Independent financial advisory firms constitute the fastest growing segment of the industry, but they face multiple pressures as the industry changes.
Among those changes: a greater concentration of assets at the largest firms — which intensifies competition — and a growing presence of private equity funding looking to invest in or acquire firms.
“The independent model is facing pressures to change,” said Scott Slater, vice president of practice management and consulting at Fidelity.
Speaking to a room filled with independent advisors at this week’s Fidelity 2018 Inside Track conference in New York, Slater described an industry that accounts for almost 60% of financial advisory firms and consists of RIAs, hybrid RIAs and independent broker-dealers.
Roughly three-quarters of the firms manage $100 million or less and control 10% of assets, 17% manage between $100 million and $500 million and oversee 20% of assets and 6% manage more than $500 million (including 4% who manage more than $1 billion) and control 70% of assets.
“It will be very hard to be in the middle,” said Slater. “The most successful firms will collaborate.”
He proceeded to explain the multiple options that firms can choose if they decide to collaborate — options Fidelity identifies as distinct RIA acquirer models — providing examples of each:
- Integration Platform Provider (Dynasty Financial Partners)
- Passive Investor (Fiduciary Network)
- Financial Acquirer (Wealth Partners Capital Group)
- Strategic Aggregator (Focus Financial)
- Branded Acquirer (Beacon Point, HighTower Partners and United Capital)
- Wealth Management RIA Acquirer (ACG Wealth, Atlantic Trust and Wescott Financial Advisory Group)
“There are more options today for advisors to choose where their independence goes,” said Slater. He advised firms to prepare for the future.
“Know where you are in the business cycle, in your personal life cycle and where you want to be in three to five years,” said Slater. “What are you trying to build? How big do you want to be?

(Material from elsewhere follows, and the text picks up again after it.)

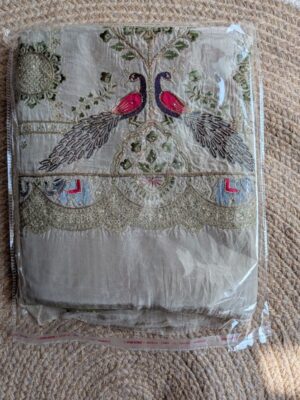 Grey Peacock Embroidered Unstitched Suit Set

Do you want to be a seller or a buyer?”
Doing nothing is not a good option, according to Slater. “Inertia will lead to the very loss of independence you value.”
He noted that despite the talk of a seller’s market for RIAs, the buyers are very experienced and will be discriminatory.
They are doing deals based on earnings multiples, not revenue multiples, and the multiples increase as the earnings do, said Slater. They range from five to seven times earnings for firms with less than $250 million in assets to eight to 12 times earnings for firms with more than $2 billion in assets.
“Ultimately size drives multiples,” Slater said. In addition, buyers are looking at earnings growth rate, client demographics — setting lower multiples for firms heavy with older clients — talent, technology and operations platforms.
Buyers are not that interested in undervalued firms that require investment to get into shape, Slater said.
He recommended that potential sellers achieve scale, reduce costs and upgrade their talent and client experience model if they want to optimize their value in a deal. In addition, sellers should define their culture and know what they want to preserve in a deal. “If you get your culture right, you’ll be fine,” Slater said.
And if a deal ultimately gets done, he said, expect to receive one-third to one-half the value in cash up front and to remain with the firm for the next three to five years.